SAP, cloud systems and domains are to be used more and more frequently. More complex camera systems support significantly more interfaces and can be managed via domains, which centralizes user management and thus makes it cheaper. Common HMI systems such as WinCC are also compatible with it. I still had to program many interfaces or hardware components on the controller myself using various bus systems and to reproduce the protocols byte by byte.
- So I monitored the hard drive durability using specially developed software that was integrated into the specially developed HMI
- Linked applications of different computer architectures
- Controlled robots from an HMI software using a robot API
- Linked a virtual robot API of a simulation with a real controller and recorded videos of how the robot actually worked later
When combining several machines, it is always necessary that each is processed independently of one another, because problems can arise without planned response times.
Many events running in parallel must also be processed in parallel in the control unit. These are then synchronized and coordinated with one another.

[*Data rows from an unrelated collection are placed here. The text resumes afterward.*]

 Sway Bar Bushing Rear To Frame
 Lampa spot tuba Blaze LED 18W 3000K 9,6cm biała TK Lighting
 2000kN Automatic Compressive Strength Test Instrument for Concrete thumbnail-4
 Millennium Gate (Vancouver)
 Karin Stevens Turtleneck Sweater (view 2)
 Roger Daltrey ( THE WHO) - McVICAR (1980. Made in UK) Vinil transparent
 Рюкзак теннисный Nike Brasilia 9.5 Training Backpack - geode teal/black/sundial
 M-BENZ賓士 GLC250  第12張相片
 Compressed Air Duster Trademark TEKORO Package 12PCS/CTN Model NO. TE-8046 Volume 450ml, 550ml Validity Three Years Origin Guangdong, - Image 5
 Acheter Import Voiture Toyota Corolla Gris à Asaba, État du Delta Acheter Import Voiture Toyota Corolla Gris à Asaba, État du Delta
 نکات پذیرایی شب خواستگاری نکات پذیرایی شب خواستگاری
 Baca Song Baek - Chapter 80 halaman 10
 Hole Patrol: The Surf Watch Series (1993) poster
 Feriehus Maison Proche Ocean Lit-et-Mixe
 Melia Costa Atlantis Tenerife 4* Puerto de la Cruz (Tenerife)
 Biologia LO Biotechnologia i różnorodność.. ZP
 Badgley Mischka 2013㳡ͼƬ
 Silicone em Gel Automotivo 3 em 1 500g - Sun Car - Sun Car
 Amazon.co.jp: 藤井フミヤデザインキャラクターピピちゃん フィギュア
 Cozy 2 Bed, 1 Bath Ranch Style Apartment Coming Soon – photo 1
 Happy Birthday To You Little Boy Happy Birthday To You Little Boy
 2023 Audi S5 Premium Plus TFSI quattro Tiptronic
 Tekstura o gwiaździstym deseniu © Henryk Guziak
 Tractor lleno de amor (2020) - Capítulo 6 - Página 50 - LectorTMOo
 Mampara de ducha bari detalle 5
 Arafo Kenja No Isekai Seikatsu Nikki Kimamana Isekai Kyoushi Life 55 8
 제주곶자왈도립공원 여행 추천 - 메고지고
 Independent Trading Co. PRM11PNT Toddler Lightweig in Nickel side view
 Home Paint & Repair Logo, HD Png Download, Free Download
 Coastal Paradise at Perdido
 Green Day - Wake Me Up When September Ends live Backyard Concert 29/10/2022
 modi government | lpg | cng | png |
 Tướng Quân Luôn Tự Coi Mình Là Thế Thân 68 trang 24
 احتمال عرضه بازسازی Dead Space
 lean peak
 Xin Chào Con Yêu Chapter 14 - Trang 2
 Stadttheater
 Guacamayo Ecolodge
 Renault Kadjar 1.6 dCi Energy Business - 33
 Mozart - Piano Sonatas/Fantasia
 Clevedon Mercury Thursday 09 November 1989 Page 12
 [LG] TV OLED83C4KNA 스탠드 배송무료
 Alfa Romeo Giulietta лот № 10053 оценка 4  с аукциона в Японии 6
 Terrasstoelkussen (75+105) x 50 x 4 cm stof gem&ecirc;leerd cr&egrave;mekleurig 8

The need for this is definitely evident with multi-camera systems, but it also has its advantages with all other devices. In the case of very short processing cycles in particular, this is not possible without it, then it goes in the direction of real-time systems.
The ABB Robotstudio, which I used for this at the time, was designed for simple simulations with just a few components. However, it already supported a virtual reality environment in which one could move through the environment and move elements using 3D glasses and hand controls. It was also advertised that you could program in it, which I thought little of. On the contrary, I even calculated a couple of robot targets in my head, wrote them directly into the source code and they were approached exactly as planned.
In a simulation, I used a robot to stack buckets on pallets in different patterns and heights. Buckets came on a conveyor belt, pallets were transported on transport rollers and lined up for collection. Hundreds of buckets were created and moved through the simulation, so that even a specially purchased computer could not keep up with the calculations and the simulation ran incorrectly or had to be slowed down very much.
A couple of times my developed module was used, with which we could connect the robot simulation in the ABB Studio with PLC and thus test the function of all components before commissioning in order to shorten commissioning times.